I’ve found the source of our problem, but I’m unsure as to why Octopus is having issues with it.

In a Kubernetes script step we are attempting to install some custom resource definitions (CRD’s). When I run the script to install these CRD’s locally everything works fine, but on Octopus it seems to hang on the third definition.

Again there is nothing in the logs indicating what the issue may be. Are you able to see if anything is amiss on the worker (21-04-01-0715-oe4q0)? I have no need for this task to be stopped, so take as much time as you need.

Script

CRD_CMD=(kubectl apply -f https://github.com/jetstack/cert-manager/releases/download/v1.2.0/cert-manager.crds.yaml)
write_highlight "Installing cert-manager Custom Resource Definitions..."
write_verbose "$(echo "${CRD_CMD[@]}")"
"${CRD_CMD[@]}"

Output from local terminal

All six CRD’s are installed and the apply command completes successfully.

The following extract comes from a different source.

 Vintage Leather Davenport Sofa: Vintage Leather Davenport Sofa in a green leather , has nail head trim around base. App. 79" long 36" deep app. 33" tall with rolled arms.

dgard@SOME-PC:~/repos/ldx-analytics-infrastructure$ kubectl apply -f https://github.com/jetstack/cert-manager/releases/download/v1.2.0/cert-manager.crds.yaml
customresourcedefinition.apiextensions.k8s.io/certificaterequests.cert-manager.io created
customresourcedefinition.apiextensions.k8s.io/certificates.cert-manager.io created
customresourcedefinition.apiextensions.k8s.io/challenges.acme.cert-manager.io created
customresourcedefinition.apiextensions.k8s.io/clusterissuers.cert-manager.io created
customresourcedefinition.apiextensions.k8s.io/issuers.cert-manager.io created
customresourcedefinition.apiextensions.k8s.io/orders.acme.cert-manager.io created

From Octopus

The first two CRD’s are installed and then the deployment hangs.

10:45:09   Verbose  |       kubectl apply -f https://github.com/jetstack/cert-manager/releases/download/v1.2.0/cert-manager.crds.yaml
10:45:13   Info     |       customresourcedefinition.apiextensions.k8s.io/certificaterequests.cert-manager.io configured
10:45:14   Info     |       customresourcedefinition.apiextensions.k8s.io/certificates.cert-manager.io configured

Thanks,
David

Hi David,

Thanks for the detailed explanation there.

I’ve been able to replicate this using a Windows 2019 dynamic worker (I was curious if the OS made a difference).

You’re free to cancel that deployment whenever you want, let me know if it locks up the worker again and I’ll cycle that out.

I’ll most likely need to get our cloud engineers to look into this, so, due to timezone differences and Easter it may be next week before I have an update for you.

Regards,
Paul

Hi Paul,

Thanks for looking further. I’ve cancelled the job but it does seem to have hung again. If you could kill the worker that would be good.

21-04-01-0715-oe4q0

Thanks,
David

No problem, that is being removed now.

1 Like

Hi David,

We managed to get to the bottom of this a bit quicker than expected.

Turns out the issue looks to be related to the kubectl version.
Our Workers are running 1.18.0 or lower at the moment and when testing I hit the same issue with this. Upgrading my local instance to the latest kubectl version works fine.

We’re going to raise a request to get 1.19 and 1.20 added to our worker images.

Regards,
Paul

Thanks for investigating Paul.

We are running the script in a docker container that has 1.16.9 on it. Unfortunately it’s not something I can easily upgrade as other tasks depend on a specific version. But I’m sure I’ll be able to work around it in the script.

Thanks,
David

1 Like

This topic was automatically closed 31 days after the last reply. New replies are no longer allowed.